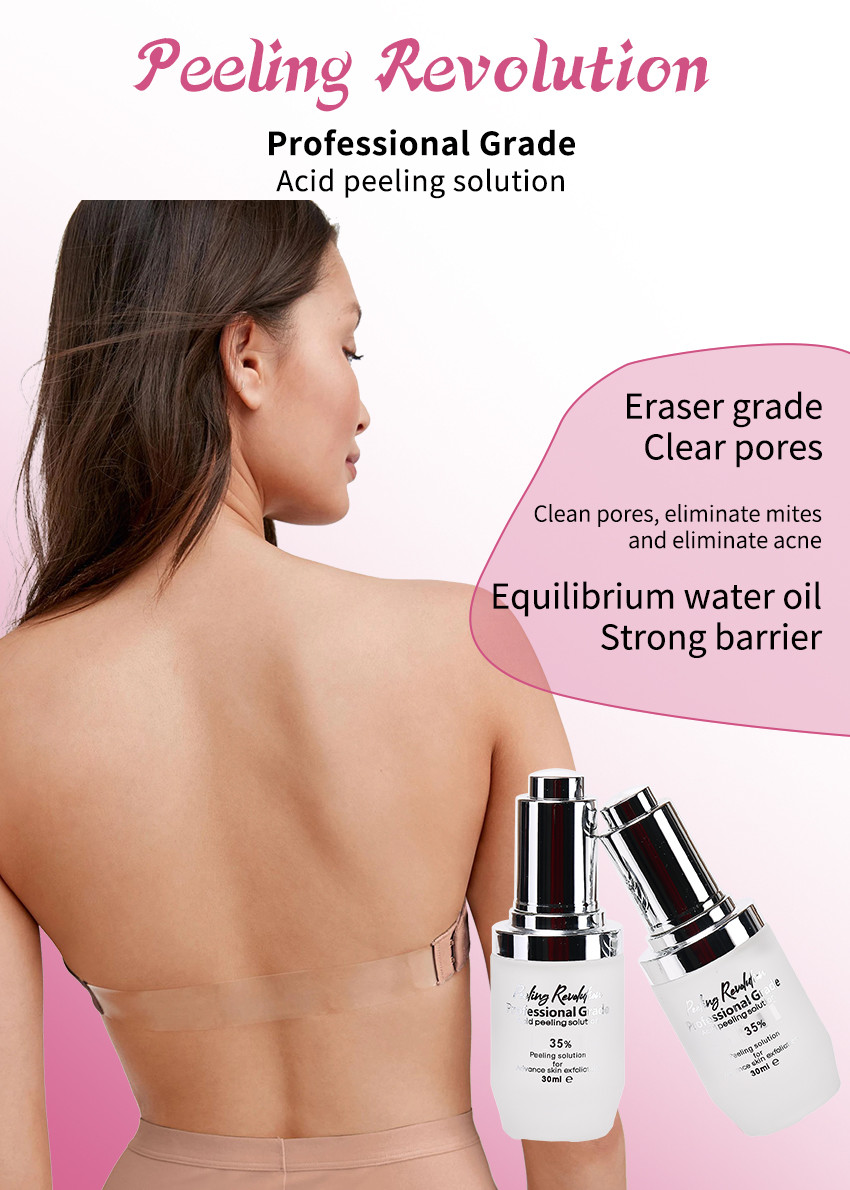 Professional Grade Skin Exfoliation Serum Set Skin Care Products Cleaning Repairing Skin Revitalize Exfoliating Solution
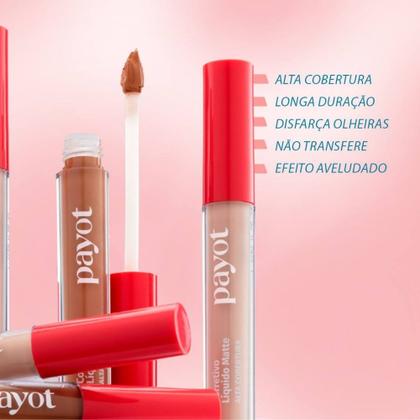 Imagem de Corretivo Líquido Matte Payot Alta Cobertura Natural Efeito Aveludado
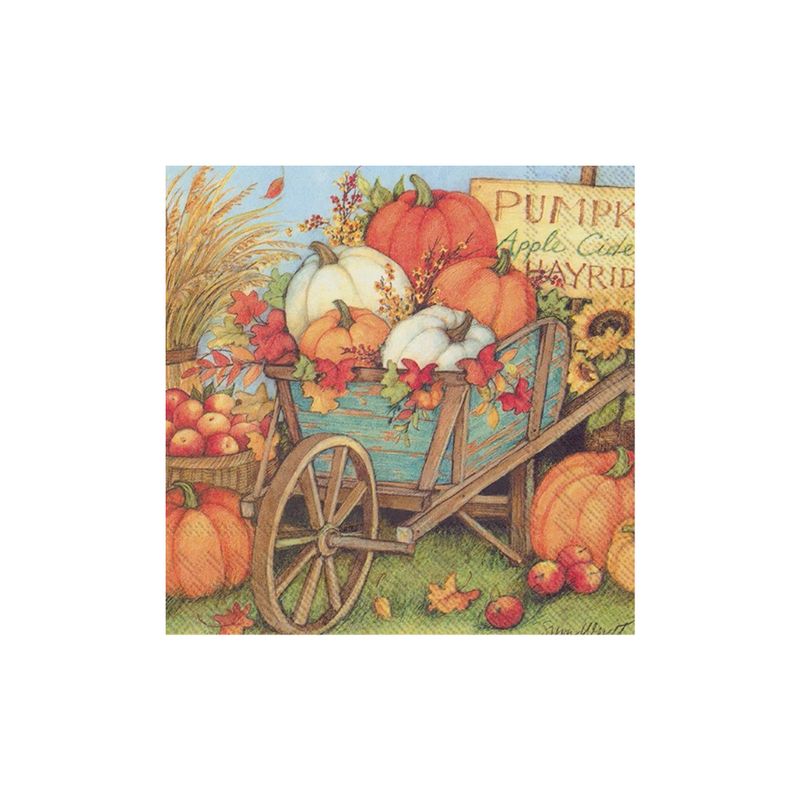 BI Pumpkin Crop Cocktail Napkin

> [ABOUT THIS TASK]: Set the whole listing down again unchanged, apart from the pictures, which are omitted.

> [SOLUTION]:
 Professional Grade Skin Exfoliation Serum Set Skin Care Products Cleaning Repairing Skin Revitalize Exfoliating Solution
 Imagem de Corretivo Líquido Matte Payot Alta Cobertura Natural Efeito Aveludado
 BI Pumpkin Crop Cocktail Napkin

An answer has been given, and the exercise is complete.